4.1 Examples of runs

Let's assume you want to run just a simple AS-MAML training with 200 epochs on the Letter-High Dataset using the GPU. Then you have to run

$ python main.py --name Letter-High --epochs 200 --device gpu

Another example could be: run AS-MAML plus MEvolve with 200 training epochs on TRIANGLES changing the number of MEvolve iterations.

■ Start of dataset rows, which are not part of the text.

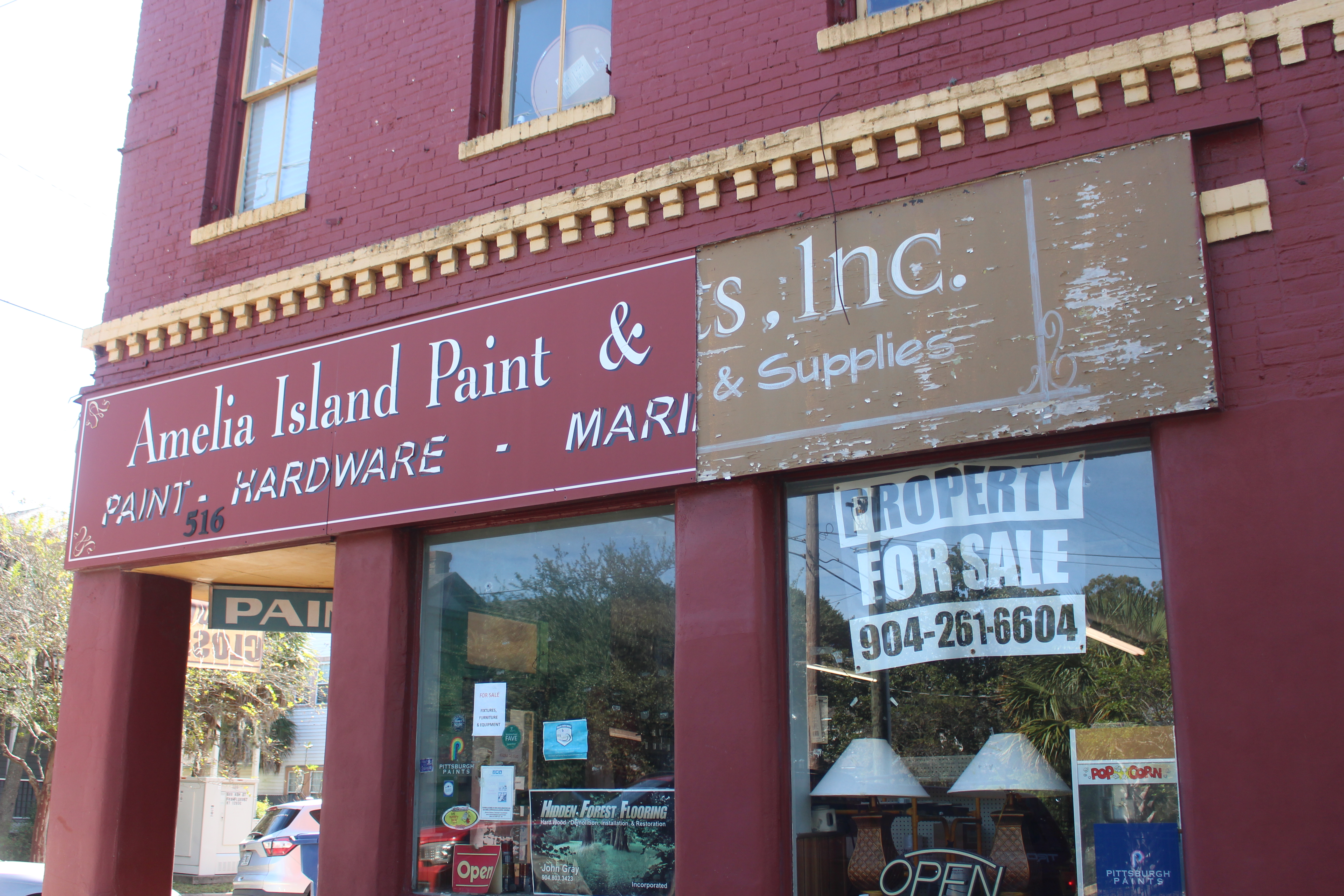 Amelia Paint Inc's closing sign hangs on the storefront on Ash Street in Fernandina Beach on Oct 23.  Marisa DeMar/News-Leader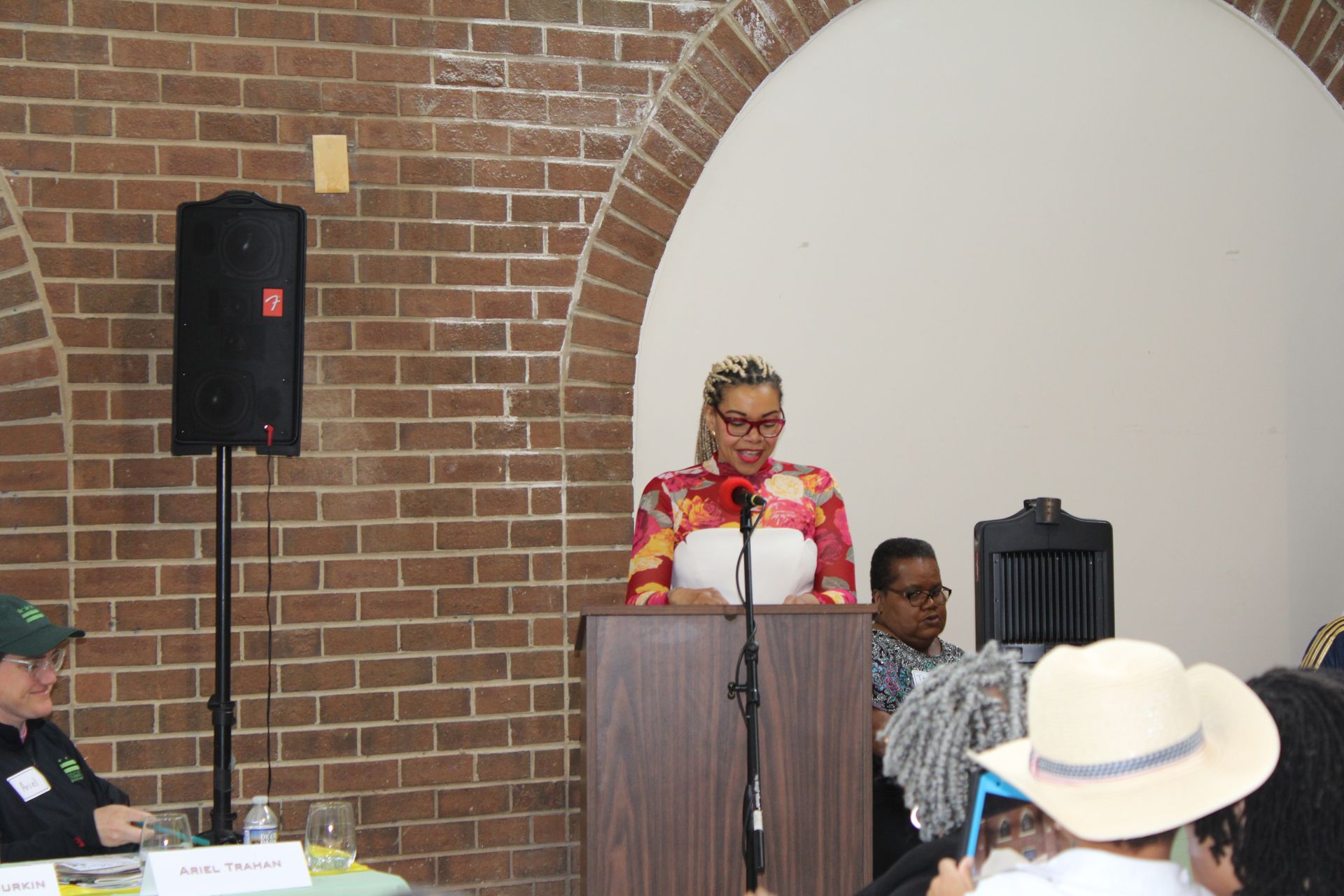 Woman speaking at a podium in a room with brick wall, other people seated.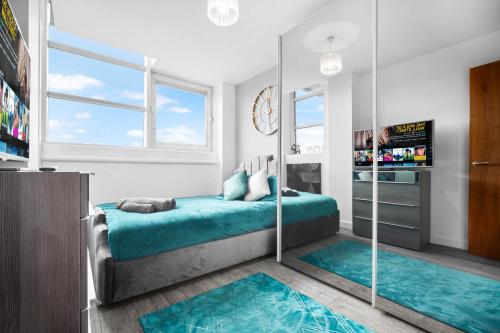 Schlafzimmer mit einem Bett mit blauer Bettwäsche und Spiegeln in der Unterkunft Luxury stay with scenic views in Brierley Hill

$ python main.py --name TRIANGLES --epochs 200 --mevolve --use-pretrained --iters 10

Note that, for MEvolve you need to have a pretrained plain AS-MAML model in the models folder. Finally, to run tests just give

$ python main.py --name TRIANGLES --test ../models/TRIANGLES_AdaptiveStepMAML_SAGE4MAML_MEvolve_bestModel.pth

4.2. Docker

Alternatively, I have already created a Docker Image that can be pulled with docker pull lmriccardo/fsgc:1.0. Then, you need to run the container with docker run --rm -it lmriccardo/fsgc:1.0 and, finally, run the same python command given above: python main.py [--flags ...].


5. Algorithms and Models

As I said the goal of this projects is to compare different Graph Data Augmentation techniques for few-shot learning, and more precisely for few-shot classification. For this reason all the techniques that have been chosen regard augmentation for classification, i.e. techniques that try to preserve structural properties of the original graph. The overall idea is to generate new data for already defined labels, this means without additionally labeling those new data, by using some procedures of dropping edge/nodes, change in node features or randomly generate graphs based on so-called graphons. To this end I decided to use this three GDA technique, one per type:

  • Model-Evolution. GDA technique that uses edge dropping based on motifs similarity (paper)
  • FLAG. GDA technique that uses perturbation attacks to perturb node features (paper)
  • G-Mixup. GDA technique that uses Mixup on graphs via graphons (paper)

For quick further informations about each of the three techniques I suggest to have a look to their respectively README that you can found at ./src/algorithms/mevolve (for M-Evolve), ./src/algorithms/flag (for FLAG) and ./src/algorithms/gmixup (for G-Mixup).

Finally, I decided to use as baseline comparision results and performances given by AS-MAML run using a SAGE (for MAML) model.


6. Results

Each dataset has been trained, validated and tested using the Graph SAGE model: 3 SAGE convolutional layers, 3 SAGPool layers and 3 final FC layer, all of them using the LeakyRELU activation function except for the last linear layer for which the softmax is used. Each model has been trained using 200 epochs each of them running 200 training and validation episodes, then tested using only 200 testing episodes. Finally, the configuration for the few-shot sampling is the same for all dataset: 3 classes (way) for train, test and validation, 10 samples (shot) for support train and test/validation and 15 samples (query) for query train and test/validation. At the end, each episode had 75 graphs. These are the otained results

A% AS-MAML +M-Evolve +G-Mixup +FLAG
TRIANGLES 82.47 85.48 84.91 83.73
COIL-DEL 86.51 92.12 90.73 89.98
Letter-High 59.86 62.39 61.07 60.68